- **EXERCISE**: Beginning with the first line of the entries below, quote each line until you reach and include the line with "Street View of Granville Elegance".

- **SUPPLIED INFORMATION**:
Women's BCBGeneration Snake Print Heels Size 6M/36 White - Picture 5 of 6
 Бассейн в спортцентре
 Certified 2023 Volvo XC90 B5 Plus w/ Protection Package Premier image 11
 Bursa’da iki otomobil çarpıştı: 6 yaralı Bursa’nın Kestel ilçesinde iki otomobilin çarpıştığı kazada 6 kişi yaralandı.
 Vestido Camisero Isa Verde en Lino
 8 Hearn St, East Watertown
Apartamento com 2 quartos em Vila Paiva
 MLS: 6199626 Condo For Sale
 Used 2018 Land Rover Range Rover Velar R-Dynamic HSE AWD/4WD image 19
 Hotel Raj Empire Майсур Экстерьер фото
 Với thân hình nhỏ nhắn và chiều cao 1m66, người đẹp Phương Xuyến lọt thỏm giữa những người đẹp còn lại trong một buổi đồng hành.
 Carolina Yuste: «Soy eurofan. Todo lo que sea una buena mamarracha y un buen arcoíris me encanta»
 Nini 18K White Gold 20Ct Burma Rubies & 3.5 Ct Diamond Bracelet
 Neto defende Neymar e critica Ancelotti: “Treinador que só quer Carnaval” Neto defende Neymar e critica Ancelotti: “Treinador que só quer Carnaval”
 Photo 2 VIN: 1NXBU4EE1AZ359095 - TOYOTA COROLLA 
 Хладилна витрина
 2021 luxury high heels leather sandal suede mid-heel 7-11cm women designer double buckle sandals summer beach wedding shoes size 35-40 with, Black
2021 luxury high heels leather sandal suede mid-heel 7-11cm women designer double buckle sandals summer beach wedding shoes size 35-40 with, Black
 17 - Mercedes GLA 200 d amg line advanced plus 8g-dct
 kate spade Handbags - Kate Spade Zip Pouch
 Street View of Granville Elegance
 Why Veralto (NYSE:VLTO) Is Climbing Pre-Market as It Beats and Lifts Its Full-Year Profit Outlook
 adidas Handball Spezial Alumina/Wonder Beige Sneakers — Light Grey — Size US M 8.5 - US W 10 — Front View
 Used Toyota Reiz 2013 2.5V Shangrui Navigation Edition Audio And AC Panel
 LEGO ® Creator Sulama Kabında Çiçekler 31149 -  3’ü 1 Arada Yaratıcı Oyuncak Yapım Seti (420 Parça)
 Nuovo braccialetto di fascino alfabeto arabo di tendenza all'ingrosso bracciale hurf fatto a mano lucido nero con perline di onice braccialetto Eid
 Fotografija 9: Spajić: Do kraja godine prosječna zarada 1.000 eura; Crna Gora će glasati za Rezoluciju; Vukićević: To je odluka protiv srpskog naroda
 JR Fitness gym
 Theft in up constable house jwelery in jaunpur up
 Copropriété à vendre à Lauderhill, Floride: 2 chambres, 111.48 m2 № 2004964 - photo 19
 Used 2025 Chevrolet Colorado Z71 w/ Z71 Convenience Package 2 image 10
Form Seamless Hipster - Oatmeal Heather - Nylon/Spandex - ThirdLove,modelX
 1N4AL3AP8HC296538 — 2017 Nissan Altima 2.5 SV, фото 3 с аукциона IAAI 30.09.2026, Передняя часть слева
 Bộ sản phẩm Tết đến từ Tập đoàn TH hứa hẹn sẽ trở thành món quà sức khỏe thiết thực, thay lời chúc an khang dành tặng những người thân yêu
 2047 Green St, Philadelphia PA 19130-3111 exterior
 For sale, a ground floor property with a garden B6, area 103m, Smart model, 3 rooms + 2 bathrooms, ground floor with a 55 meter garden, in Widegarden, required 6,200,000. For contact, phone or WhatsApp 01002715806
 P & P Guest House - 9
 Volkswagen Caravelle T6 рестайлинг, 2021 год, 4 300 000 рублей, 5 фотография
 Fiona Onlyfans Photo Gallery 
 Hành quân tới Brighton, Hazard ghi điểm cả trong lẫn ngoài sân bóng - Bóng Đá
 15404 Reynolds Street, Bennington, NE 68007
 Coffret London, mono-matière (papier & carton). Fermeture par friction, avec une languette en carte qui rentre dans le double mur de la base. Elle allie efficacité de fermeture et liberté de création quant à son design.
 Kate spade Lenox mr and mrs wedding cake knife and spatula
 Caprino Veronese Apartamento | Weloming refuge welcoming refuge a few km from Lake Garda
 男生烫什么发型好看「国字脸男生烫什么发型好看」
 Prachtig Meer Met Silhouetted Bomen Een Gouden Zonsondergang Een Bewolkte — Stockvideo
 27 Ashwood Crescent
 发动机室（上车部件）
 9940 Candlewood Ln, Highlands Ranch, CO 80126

- **WRITTEN ANSWER**:
Women's BCBGeneration Snake Print Heels Size 6M/36 White - Picture 5 of 6
 Бассейн в спортцентре
 Certified 2023 Volvo XC90 B5 Plus w/ Protection Package Premier image 11
 Bursa’da iki otomobil çarpıştı: 6 yaralı Bursa’nın Kestel ilçesinde iki otomobilin çarpıştığı kazada 6 kişi yaralandı.
 Vestido Camisero Isa Verde en Lino
 8 Hearn St, East Watertown
Apartamento com 2 quartos em Vila Paiva
 MLS: 6199626 Condo For Sale
 Used 2018 Land Rover Range Rover Velar R-Dynamic HSE AWD/4WD image 19
 Hotel Raj Empire Майсур Экстерьер фото
 Với thân hình nhỏ nhắn và chiều cao 1m66, người đẹp Phương Xuyến lọt thỏm giữa những người đẹp còn lại trong một buổi đồng hành.
 Carolina Yuste: «Soy eurofan. Todo lo que sea una buena mamarracha y un buen arcoíris me encanta»
 Nini 18K White Gold 20Ct Burma Rubies & 3.5 Ct Diamond Bracelet
 Neto defende Neymar e critica Ancelotti: “Treinador que só quer Carnaval” Neto defende Neymar e critica Ancelotti: “Treinador que só quer Carnaval”
 Photo 2 VIN: 1NXBU4EE1AZ359095 - TOYOTA COROLLA 
 Хладилна витрина
 2021 luxury high heels leather sandal suede mid-heel 7-11cm women designer double buckle sandals summer beach wedding shoes size 35-40 with, Black
2021 luxury high heels leather sandal suede mid-heel 7-11cm women designer double buckle sandals summer beach wedding shoes size 35-40 with, Black
 17 - Mercedes GLA 200 d amg line advanced plus 8g-dct
 kate spade Handbags - Kate Spade Zip Pouch
 Street View of Granville Elegance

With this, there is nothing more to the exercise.